Joint executive creative director, Havas Creative Group
Two weeks ago, there was tear gas on the streets of Marseilles – again. Déjà rue?
Last week, there was a sense of inevitable, idiotic constitutional exit from the other Euros. Déjà coup?
And, today, there’s the feeling that I’ve seen the work in Private View somewhere before. Déjà view?
It all feels familiar. First up, again, is "the fashion and sport collaboration one". This time, it’s Nike (2) and Balmain’s Olivier Rousteing rather than Adidas and Stella McCartney. The gear looks nice enough. The footballers are cool enough. The promise of booking personal sessions in NikeLab showrooms is enticing enough. Is that enough?
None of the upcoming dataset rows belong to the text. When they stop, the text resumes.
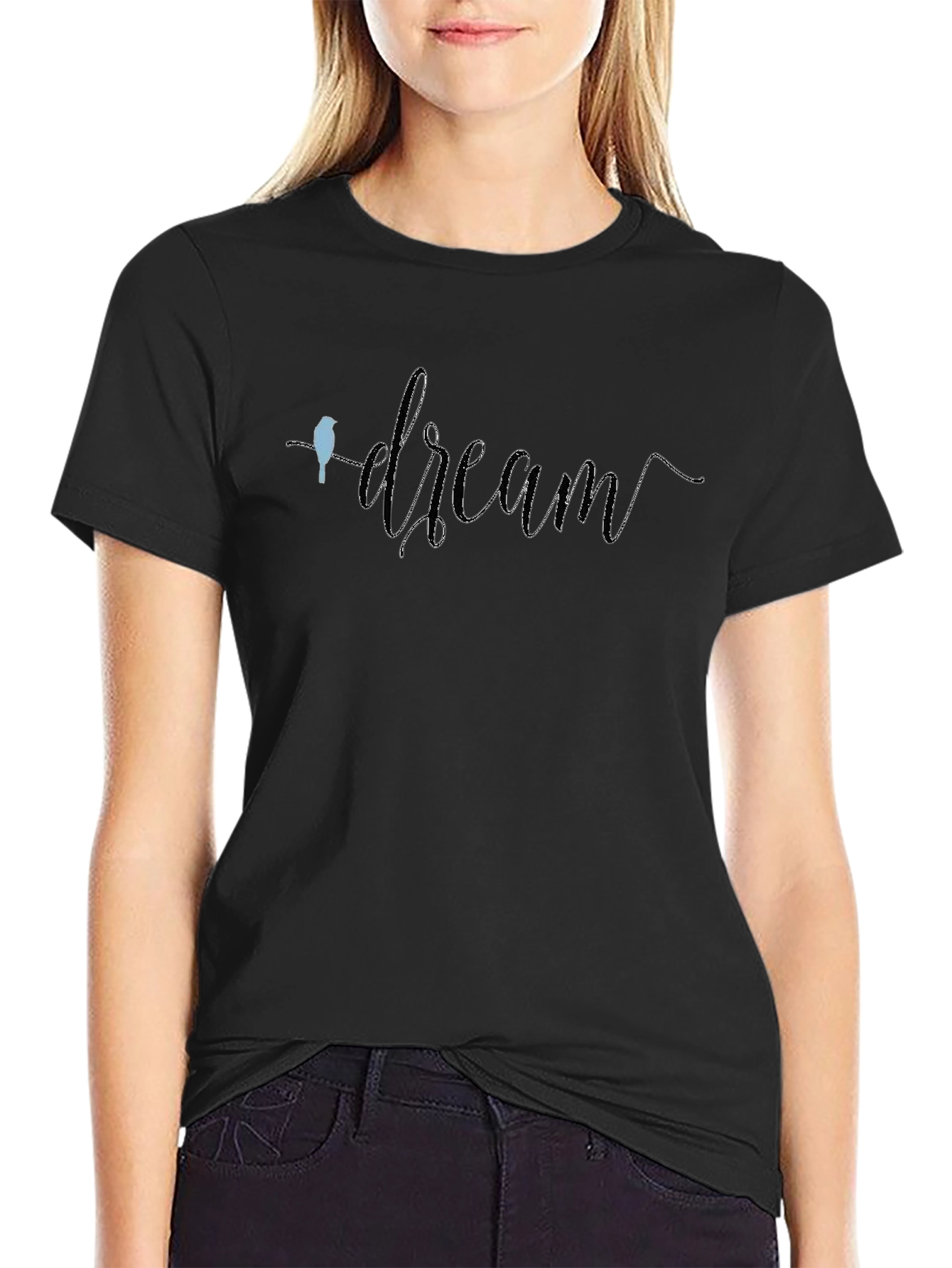 Dream Bird T-Shirt - Black Crew Neck Graphic Tee
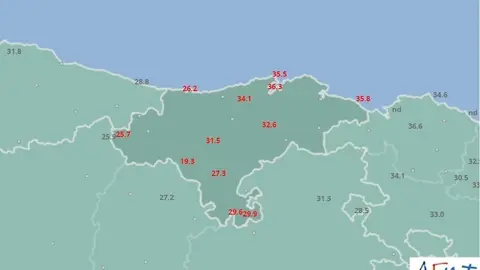 Mapa de  temperaturas m&aacute;ximas en Cantabria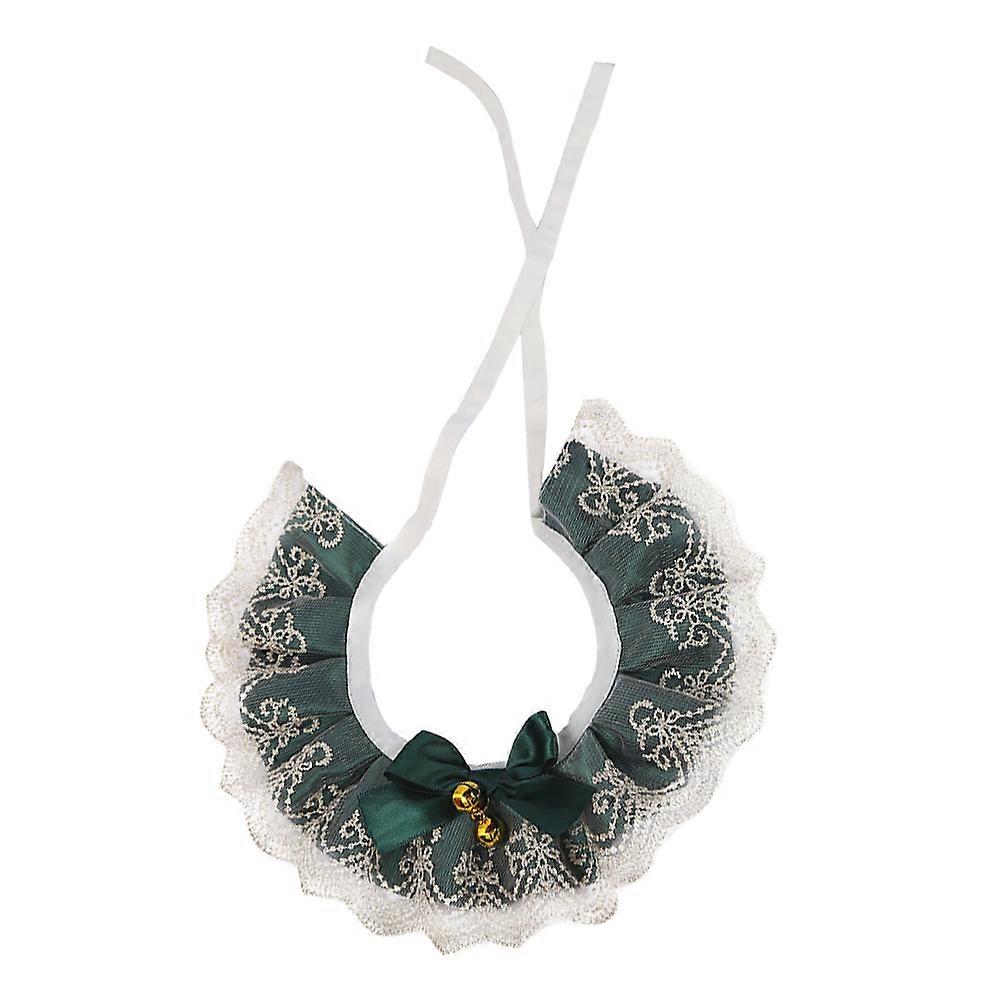Cat Collars for Girl Cats Decorative Neck Bands with Adjustable Cotton Polyester Green 1Set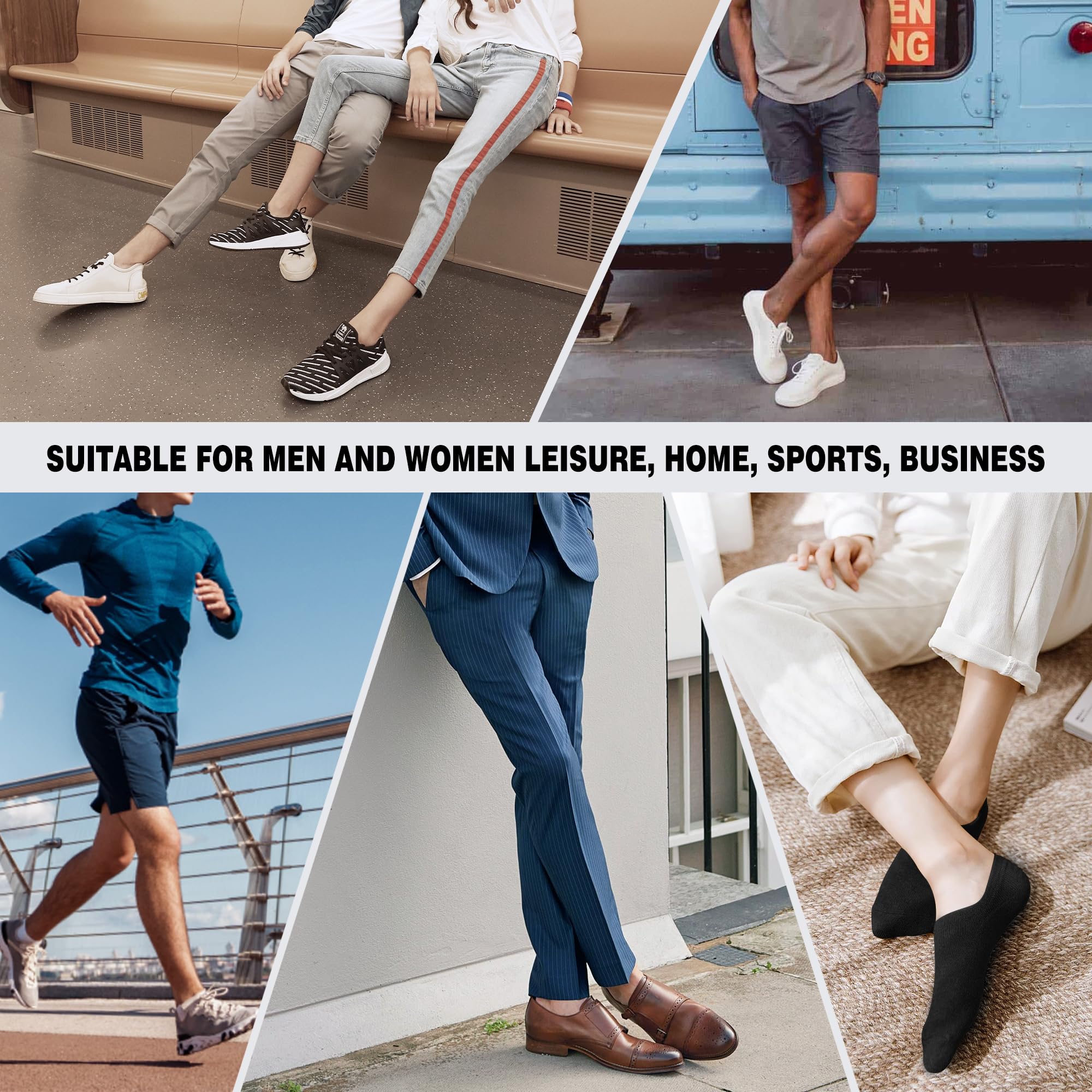YOJOOM Men's No Show Trainer Socks - Pack of 6-9/9-12 Pairs, Low Cut Invisible Socks with Non-Slip Silicone Stripes for Running, Gym & Casual Wear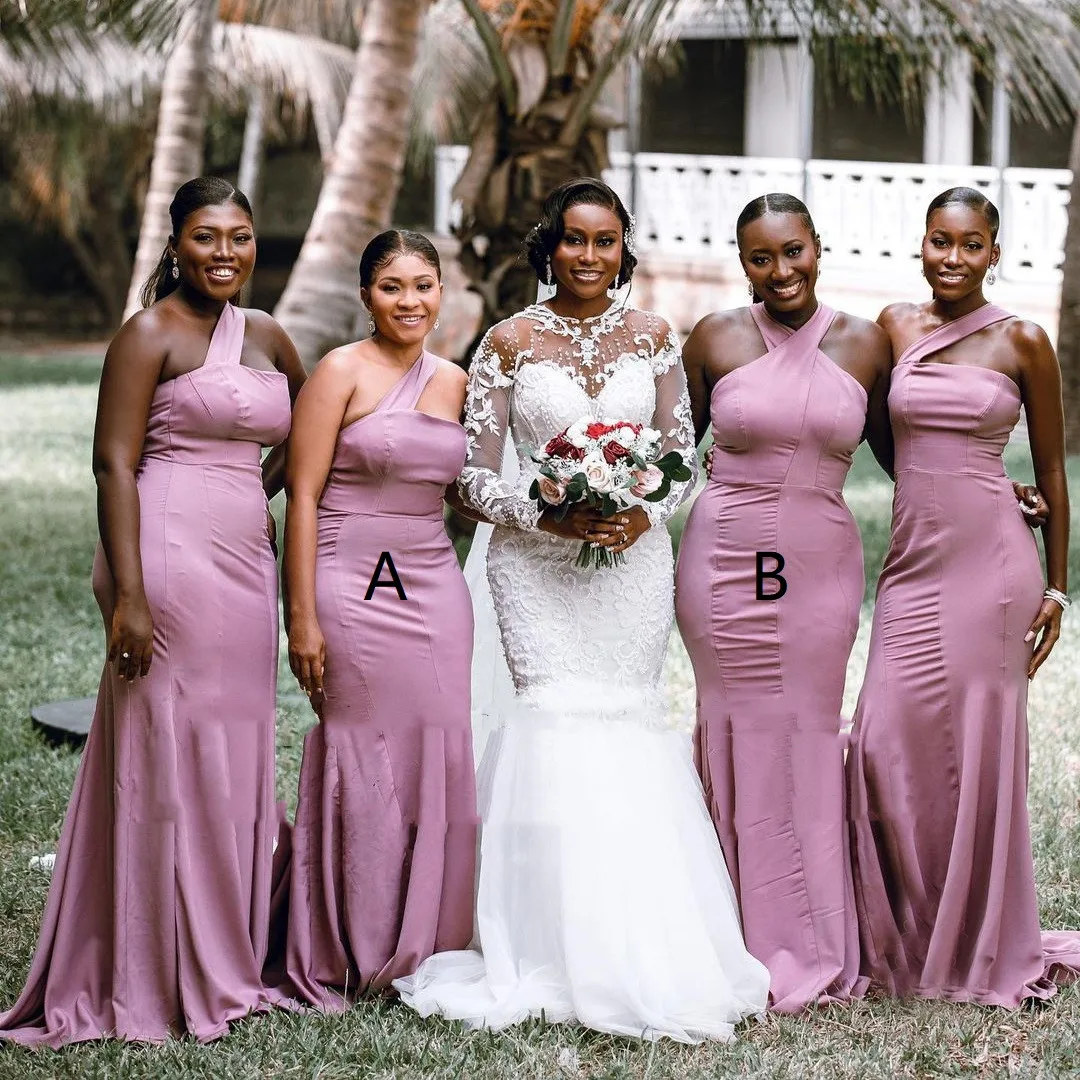 

Женское ТРАПЕЦИЕВИДНОЕ ПЛАТЬЕ подружки невесты, пыльное розовое платье с одним открытым плечом и юбкой-годе, официальное длинное платье дл...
Next up, Heal’s (1) – "the moving-through-time one". Y’know, like Levi’s or John Lewis or Hovis. Or the other moving-through-time ones. Like them, but significantly nowhere like them. For all the craft of Heal’s itself, it’s noticeable by its absence here.
Subway (4) – "the dramatic-voiceover-guy one". More than a bit like Monster.com or Axe "sporty girl" or the other dramatic-voiceover-guy ones. Like its Monster ancestor, the performance is good and that almost makes up for the déjà view. Almost. "Keep discovering" feels like it’s the start of something, though.
Asda (5) comes inevitably as "the off-duty-celebrity-chef one". And it really is like the other one – full of light-hearted situations, recipes, shopping, democratic easy cooking and that, although James Martin actually feels like he has a bit more in his acting locker than Lord Oliver. This will get interesting if the fat-tongued one ever makes a triumphant return to Sainsbury’s.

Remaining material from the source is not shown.